100 Muslim extremists freed in Yemen denied [Archives:2007/1031/Local News]

March 8 2007

SANA'A, March 7 ) Yemen's Ministry of Interior has denied the authenticity of news reports that Yemeni security authorities have released 100 Muslim extremists.

A security source told the official news web site that such report by the Associated Press is groundless. “Those individuals Yemen has received from neighboring and friendly countries now are tried fairly. They include some who came from Guantanamo,” the official said, calling on all media outlets to be accurate and objective when reporting news.

On Monday, the AP reported that authorities released 100 jailed Muslim extremists, including some who allegedly fought for Al-Qaeda in Iraq, according to a security official, adding that some of those released had completed their sentences, while others were acquitted due to lack of evidence.
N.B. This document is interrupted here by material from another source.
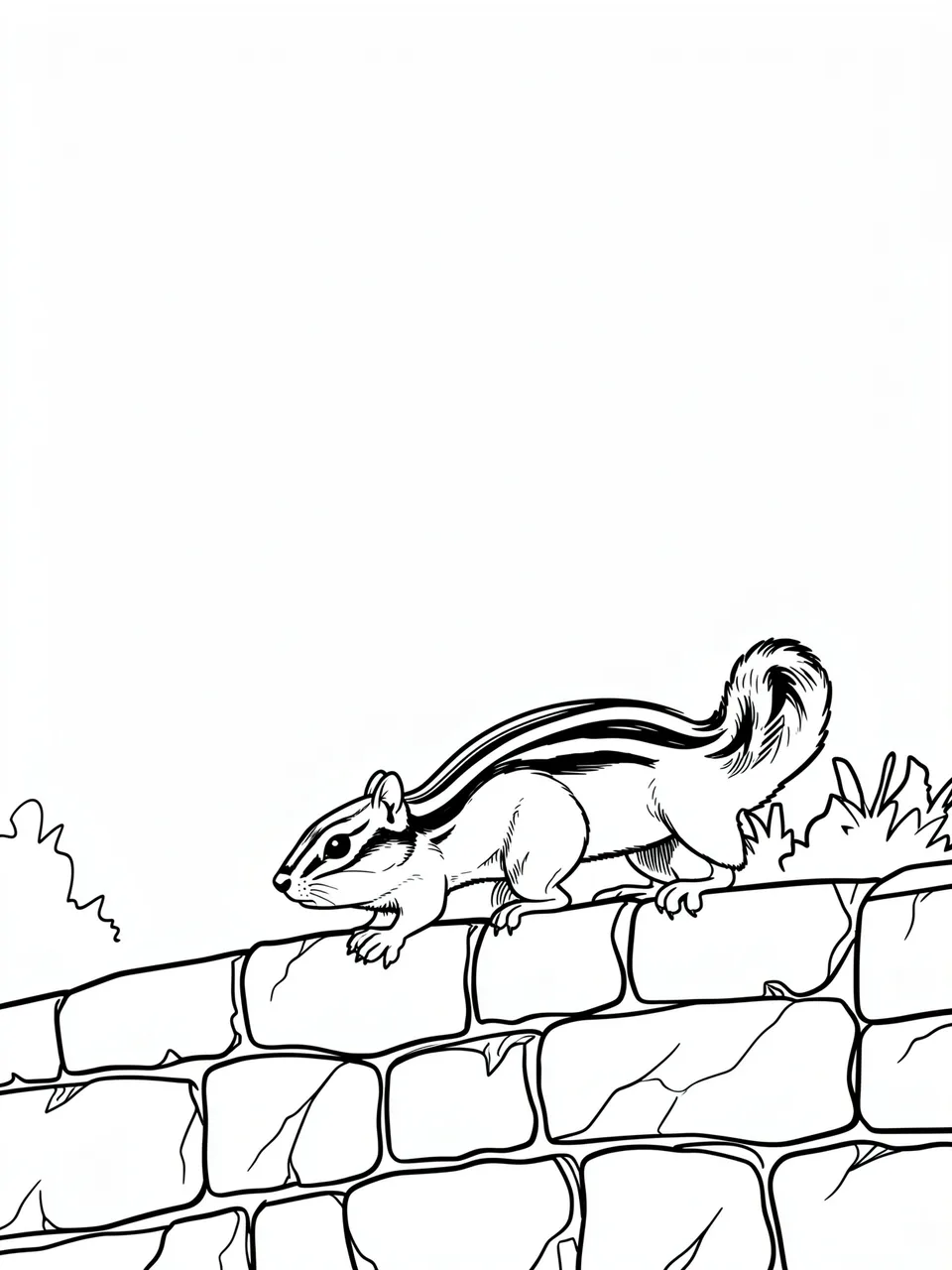 Bold black line art of a chipmunk walking along a stacked stone wall with large empty white space above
The official told the AP that the 100 prisoners' release had been carried out in stages, with the last freed in late February, and that 19 of the released had fought under the command of Al-Qaeda in Iraq's previous leader, Abu Musab Al-Zarqawi, prior to his death in a U.S. airstrike last June.

According to the AP news report, among the released were four Saudis, as well as members of a Yemeni extremist group – the Aden-Abyan Islamic Army – which kidnapped three Britons and an Australian in 1998. The tourists were killed in a botched rescue attempt by Yemeni security forces.